Extended Android security check: SnoopSnitch tests for Java vulnerabilities
The Android patch gap, which SRLabs found during previous research, is shrinking. But it is not closed. To keep track of the patch gap SRLabs created the Android app SnoopSnitch, which enables users to test whether their phone is missing security patches. In earlier versions of SnoopSnitch, patch testing was limited to Android components written in C and C++. The recent SnoopSnitch version now also features support for detecting missing patches in Android Java components. Integrating these Java patch tests doubled SnoopSnitch’s coverage since more and more vulnerabilities are found in Android components written in Java.

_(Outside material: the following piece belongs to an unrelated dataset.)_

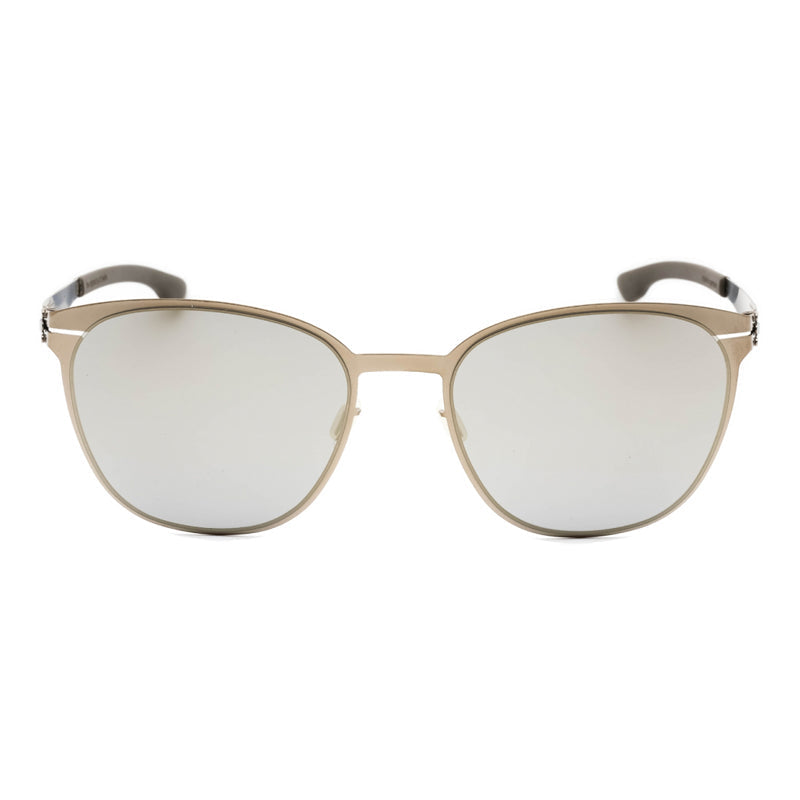 Ic! Berlin ANDREARM1444030 Round Full Rim Sunglasses — Bronze, view 2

This blog post discusses in detail how missing patches in Java code can be identified. The key is to dive deep into the bytecode to create unique signatures of Java code/methods and then classify these signatures as patched/unpatched. These fingerprints enable SnoopSnitch to verify automatically whether a phone is patched or unpatched. The potential of these heuristics is not limited to Android. While there are differences between Dalvik bytecode and other Java bytecode, our results can be a starting point into exploring how stable signatures can be created for Java bytecode outside of Android.
Android requires regular patching. Android is the most popular mobile OS with over 2.8 billion users worldwide and a market share of 75%. To keep the system secure, regular patching is necessary and new patches are released every month. The monthly Android Security bulletin contains information on current vulnerabilities (CVEs) and links to available patches. Patches are provided by Google and other vendors and then distributed to the affected phones.